• _EXERCISE_
Reproduce the listing below character for character; drop every image.

• _DATA BELOW_
* * *

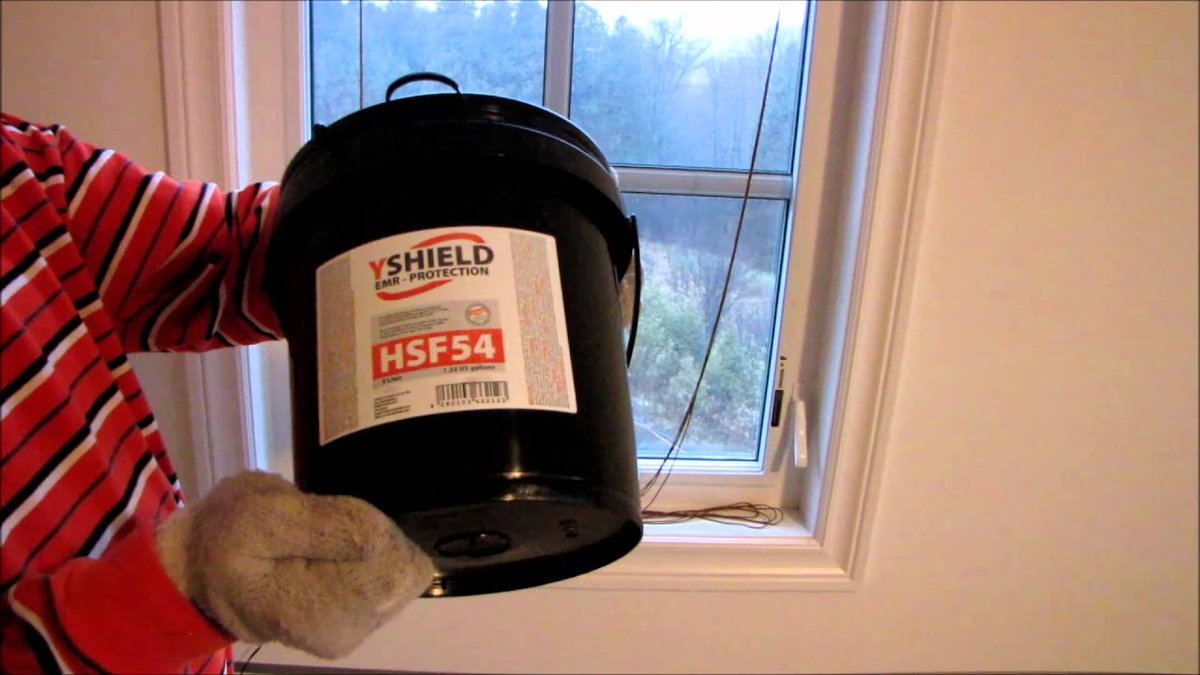Once it's installed in your neighborhood, you won't have a choice to opt out of 5G exposure. Everyone should be using EMF shielding paint to block hotspots. It isn't cheap but its very effective at attenuating EMF and 5G. Highly recommend this product: amazon.com/Shielding-Solu… #ad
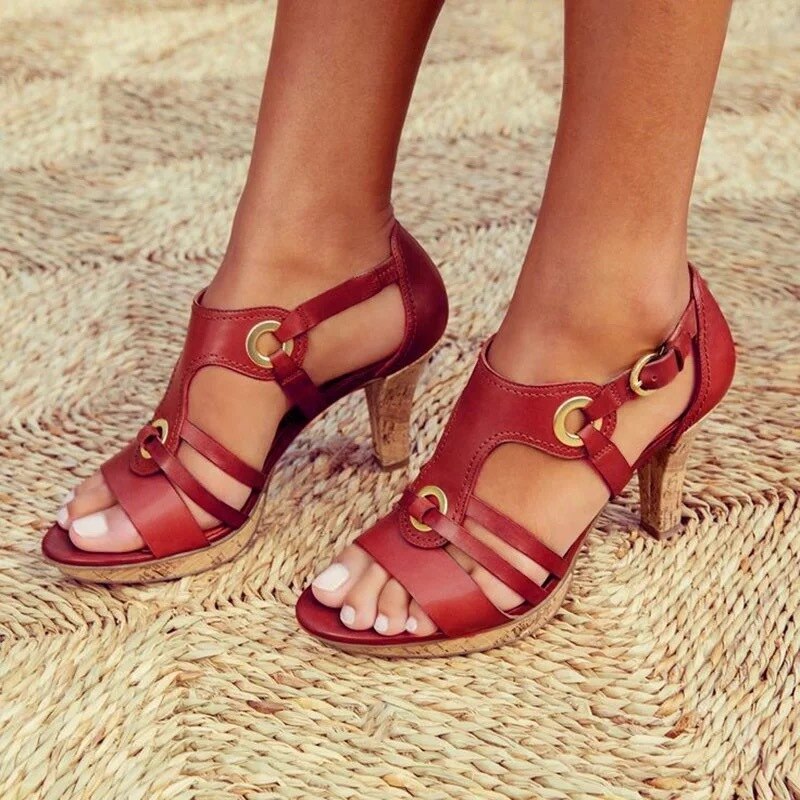 Karen – Bequeme Sandalen mit Absatz 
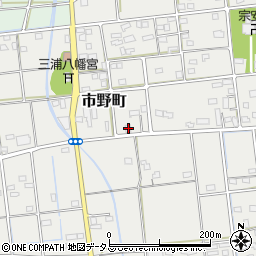 静岡県浜松市中央区市野町278周辺の地図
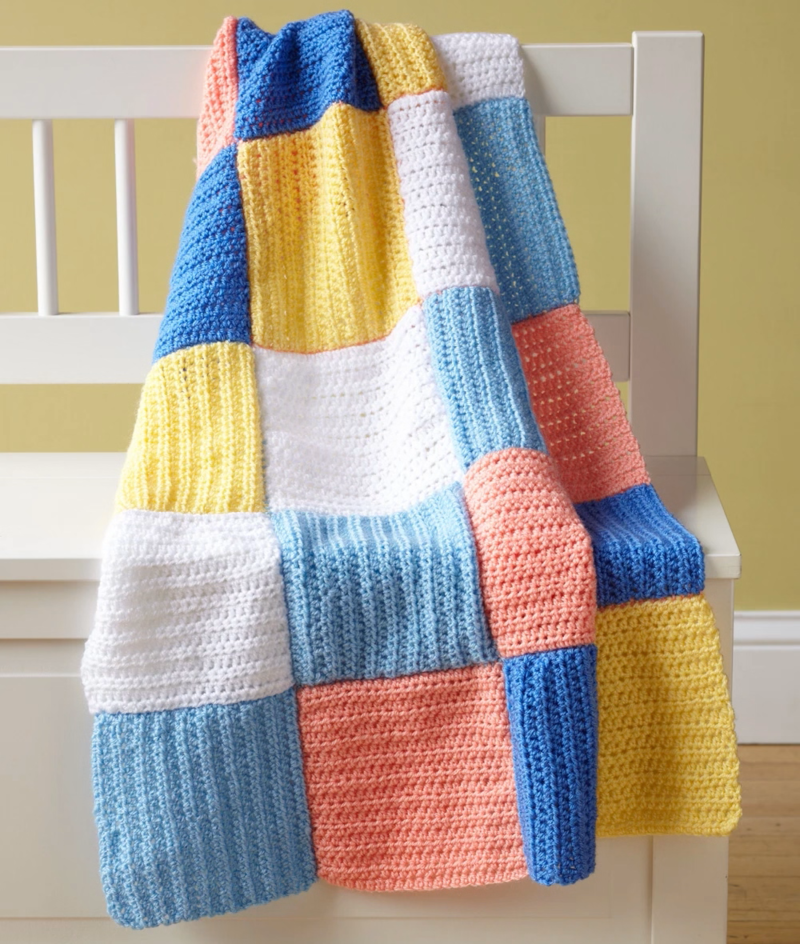 Beginner Crochet Baby Afghan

* * *

• _RESULT OF THE TASK_
Once it's installed in your neighborhood, you won't have a choice to opt out of 5G exposure. Everyone should be using EMF shielding paint to block hotspots. It isn't cheap but its very effective at attenuating EMF and 5G. Highly recommend this product: amazon.com/Shielding-Solu… #ad
 Karen – Bequeme Sandalen mit Absatz 
 静岡県浜松市中央区市野町278周辺の地図
 Beginner Crochet Baby Afghan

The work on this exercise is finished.